Source material -
++++++++
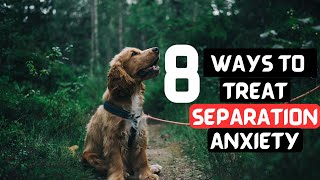 8 Scientific Ways to Train a Dog With Separation Anxiety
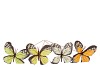 PICK SPRING YELLOW ORANGE MIX BUTTERFLIES ASS P/24 50X9CM NM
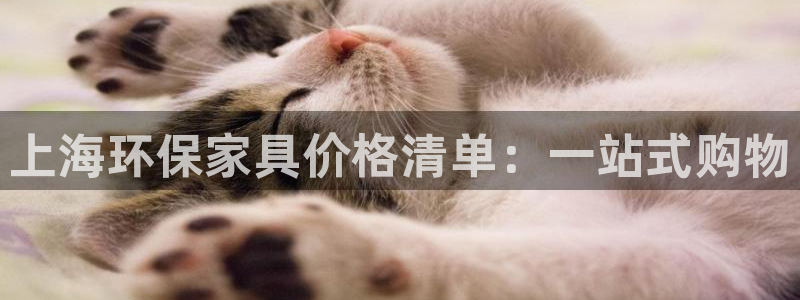 杏宇平台登陆地址：上海环保家具价格清单：一站式购物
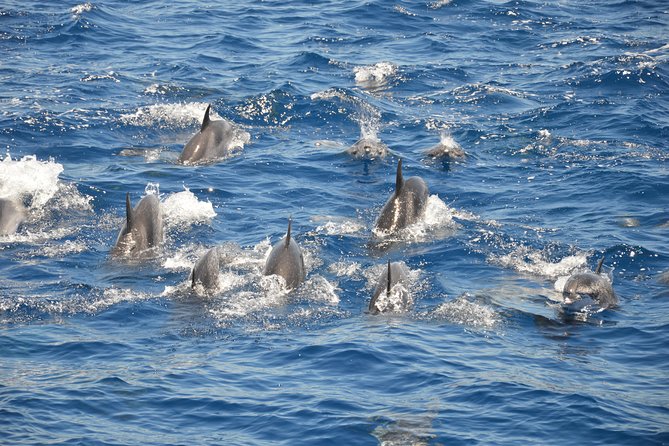 Tenerife: Whale and dolphin watching - Who will enjoy the White Dreams most?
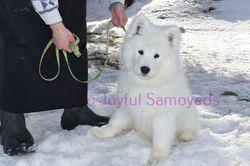 Snow Male 1 DSC_0117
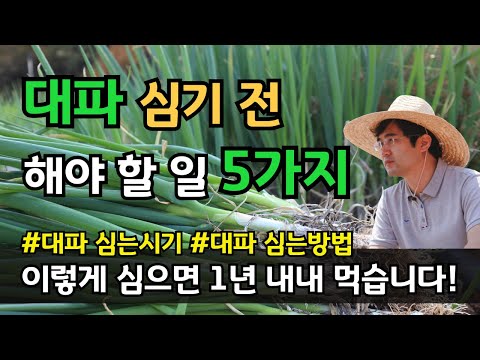 When to plant green onions, how to plant them, when to sow green onion seeds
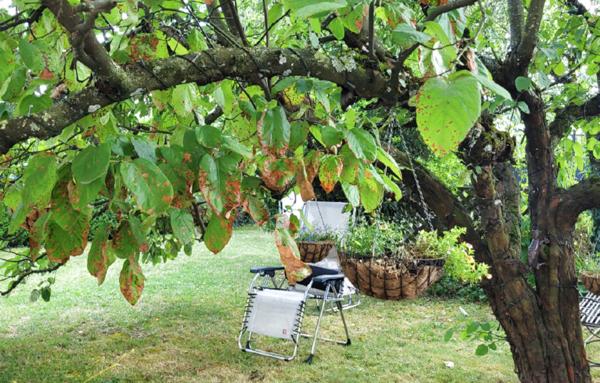 Demeure de charme à Ornex rénovée et très bien placée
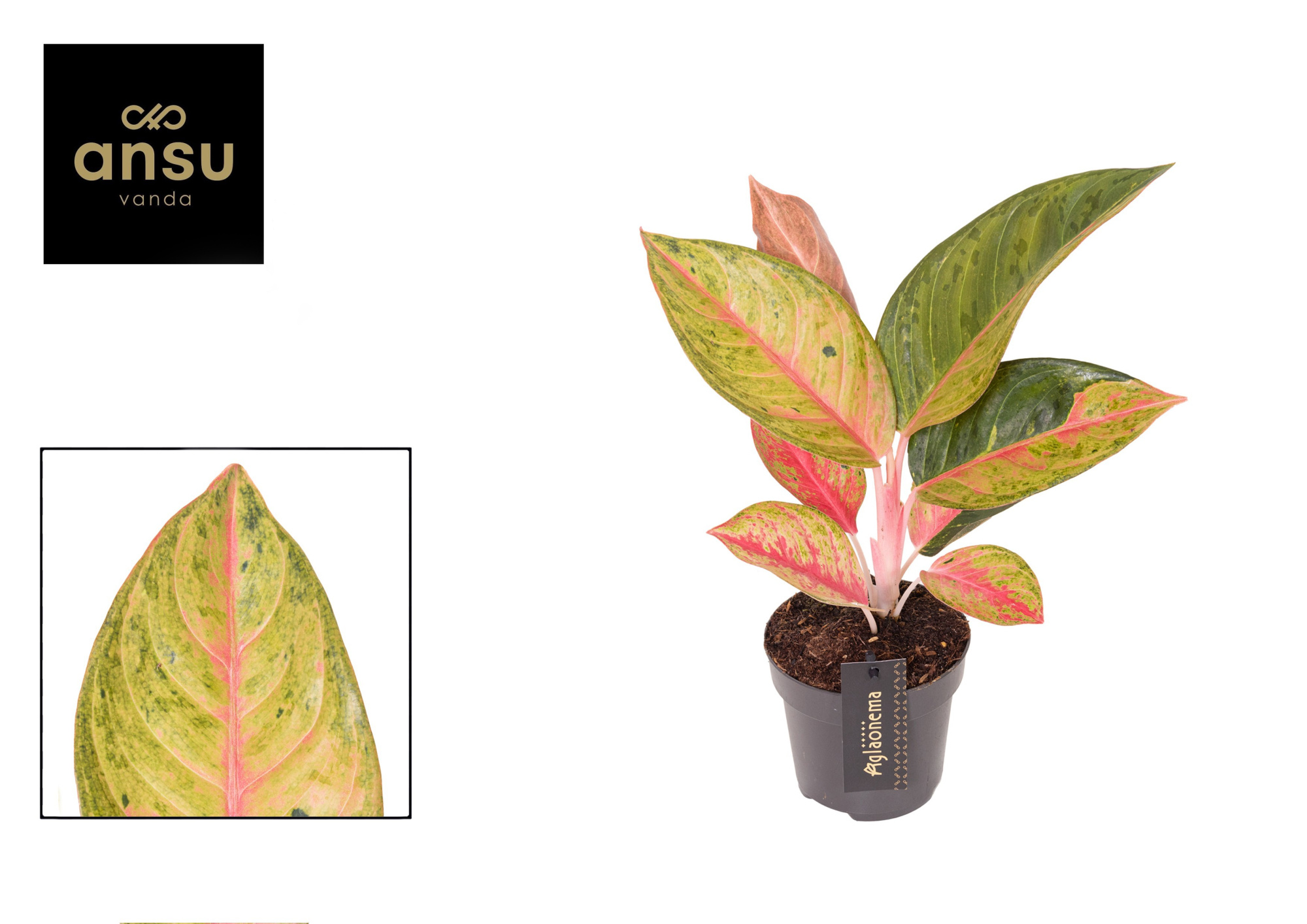 Aglaonema Gala Red, D 12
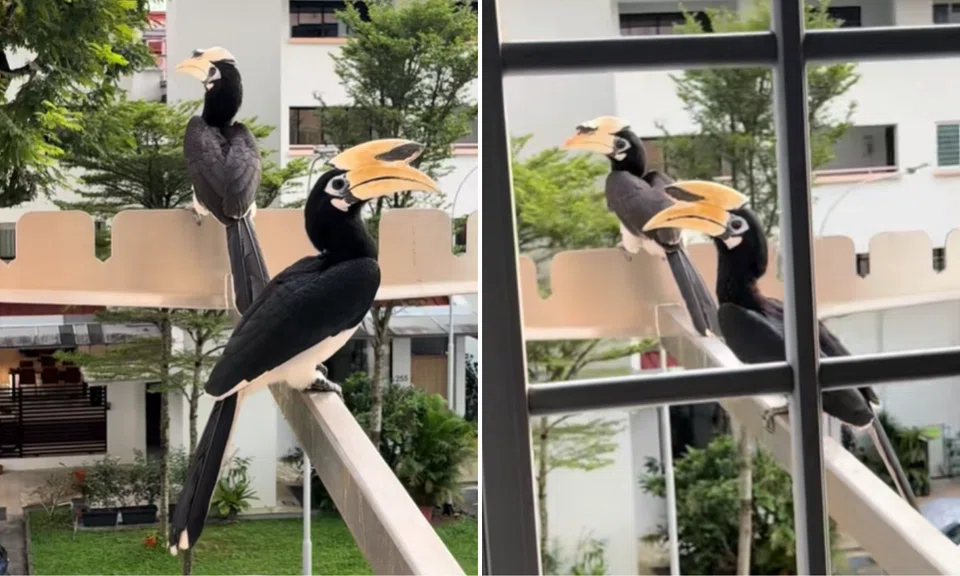 "They escaped from Jurong Bird Park," one commenter quipped.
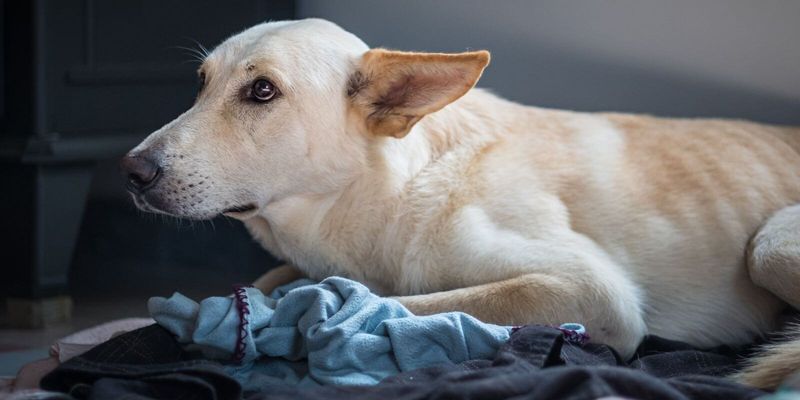 How to manage a dog's fear of thunderstorms?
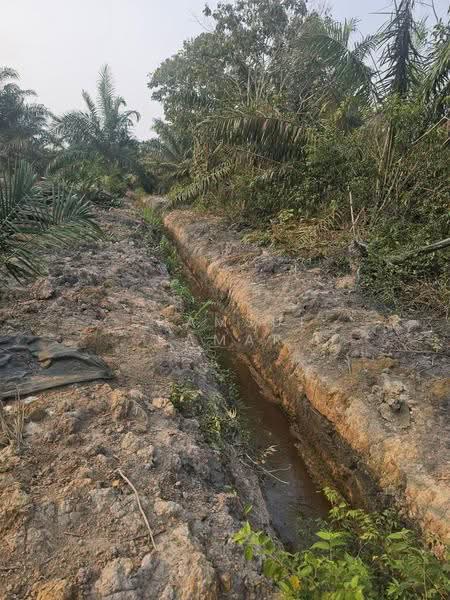 Agricultural Land for Sale in Yong Peng (Johor) - Shamsul Kamar Abd Shukor - Exterior - PropertyGuru.com.my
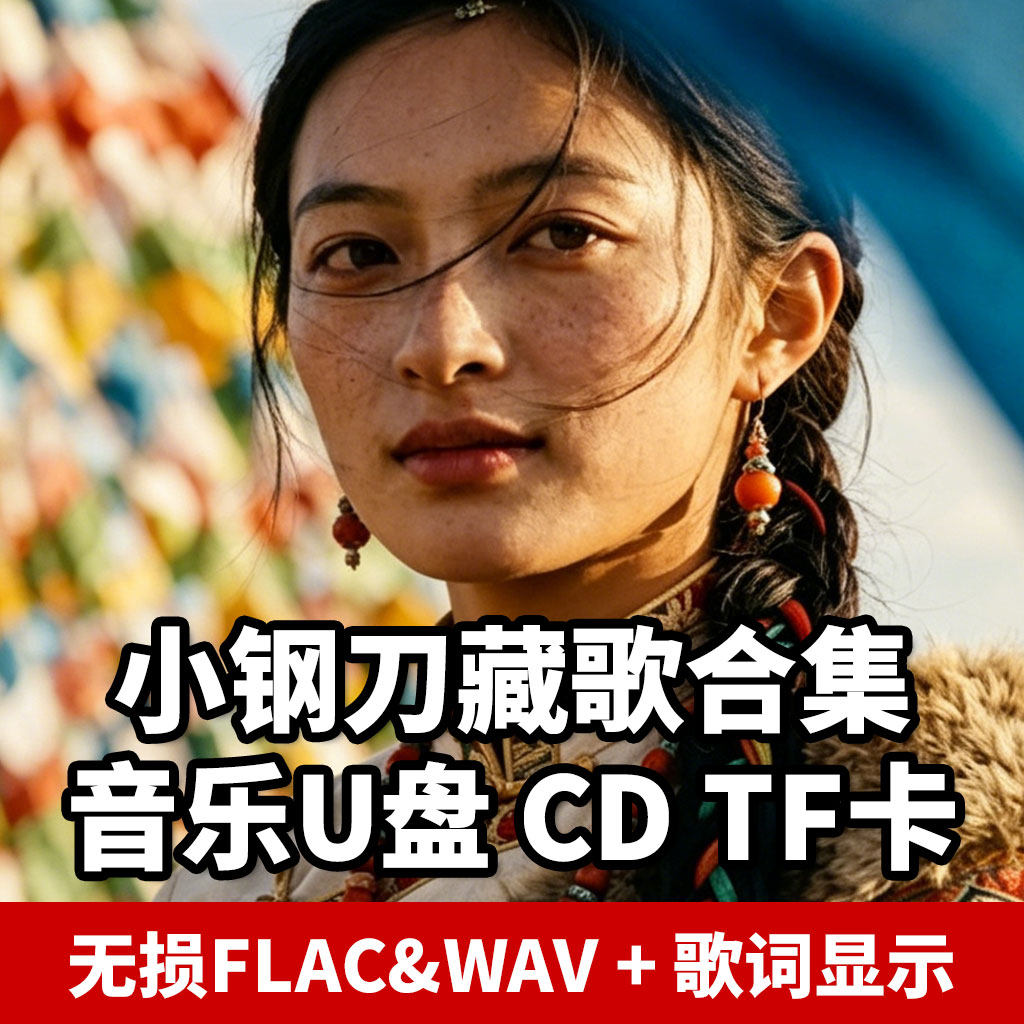小钢刀去看拉萨河视频藏歌车载音乐u盘歌曲cd碟片无损高音质歌词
++++++++
Task brief -
Give again, word for word, the line that contains "Aglaonema Gala Red, D 12" and every line after it through the end of the entries; omit the pictures.

Solved exercise -
 Aglaonema Gala Red, D 12
 "They escaped from Jurong Bird Park," one commenter quipped.
 How to manage a dog's fear of thunderstorms?
 Agricultural Land for Sale in Yong Peng (Johor) - Shamsul Kamar Abd Shukor - Exterior - PropertyGuru.com.my
小钢刀去看拉萨河视频藏歌车载音乐u盘歌曲cd碟片无损高音质歌词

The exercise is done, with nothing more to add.